Suggested Age/Content Guide:
16-up / V2 N2 M4 L2

Series Type: TV Series

Length:
12 25-minute episodes

Production Date:
2003-07-05 - 2003-09-20

What's In It

Categories:
Costumed Superheroes

Look for:
Chronic Anticlimaxes
Invaders From Space
Incompetent Villains
Incompetent Heroes
Gratuitous Gimp Masks

See Also

Sequels/Spin-offs:
None

You Might Also Like:
Moldiver
Twin Signal
The Daichis
Shinesman
Jubei-chan: The Ninja Girl

Original Title: 住めば都のコスモス荘 すっとこ大戦ドッコイダー
Romanized: Sumeba Miyako no Kosumosu-Sou: Suttoko Taisen Dokkoidaa
Literal: The "You Can Get Used To Living Anywhere" Cosmos Manor: The Idiotic Great Battle Dokkoider

Plot Synopsis

The Galaxy Federation Police, facing a recruting shortfall due to the routine slaughter of its officers, has a contract out for fancy new power armor. The test will be carried out on the backwater planet of Earth, using Earthlings as the operators, and will involve combatting a collection of the worst criminals in the galaxy, let out of prison on special probation as part of the test.

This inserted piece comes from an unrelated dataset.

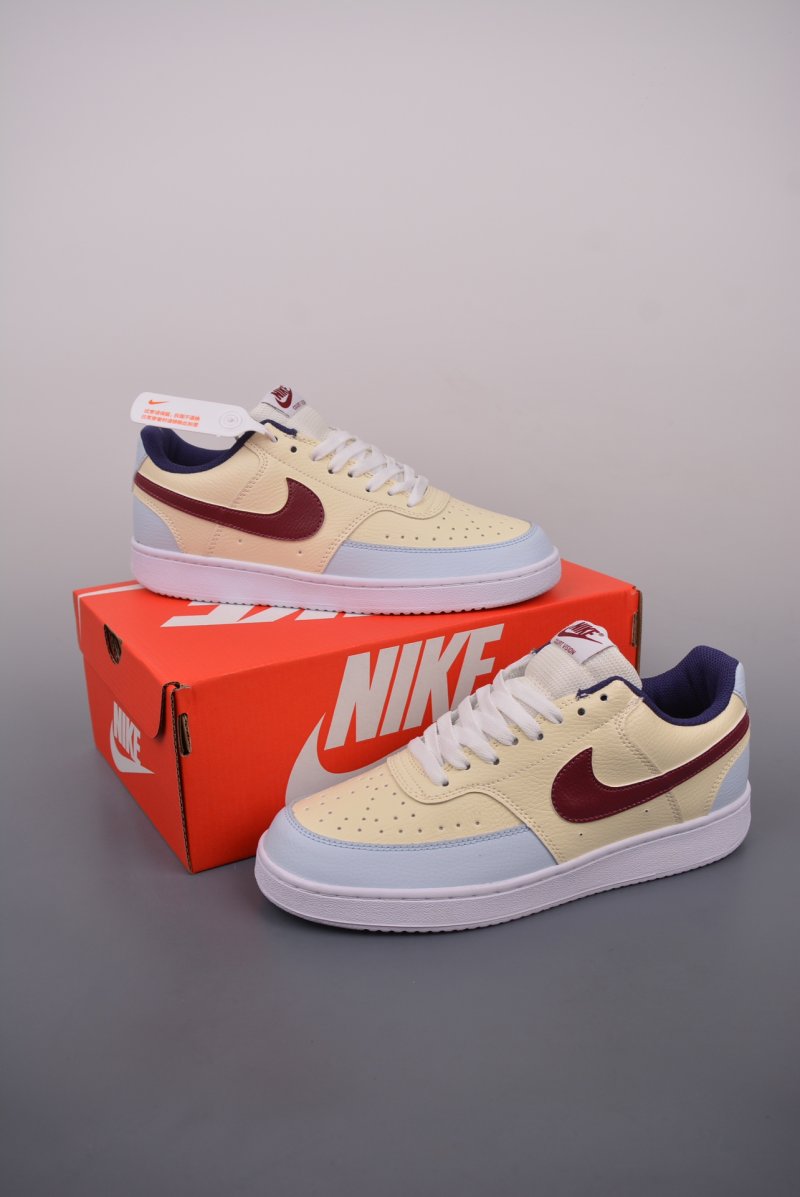 Nike Court Vision Low view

Meanwhile, on Earth, Suzuo is a 19-year-old guy fresh out of school and equally out of work. A job literally falls out of the sky when a scan reveals that he's a perfect fit for Otankonasu Co.'s prototype suit, Dokkoida. It doesn't pay well, and it involves combat with Class-A space criminals, but it does come with room and board at the Cosmos Manor... with those same Class-A criminals. Hey, the GFP's budget is tight.

Now Suzo is living with his "little sister" (Otankonasu's diminutive and thrifty Tanpopo), the good-looking girl next door who just happens to resemble his competition, Neruloid Girl (and her bitter, surly bunny, the Emerald Co. rep), a nice older fellow who bears a striking resemblance to the mad scientist Marronflower, a headstrong little girl who might also be an alien mastermind, and the couple upstairs... who do a lot of whipping and screaming.

Review

Rating: 3.5 / 5
Reviewer: Marc
Review Date: 2008-08-16

Dokkoida looks to be an entirely predictable sort of parody, and it almost is. Almost.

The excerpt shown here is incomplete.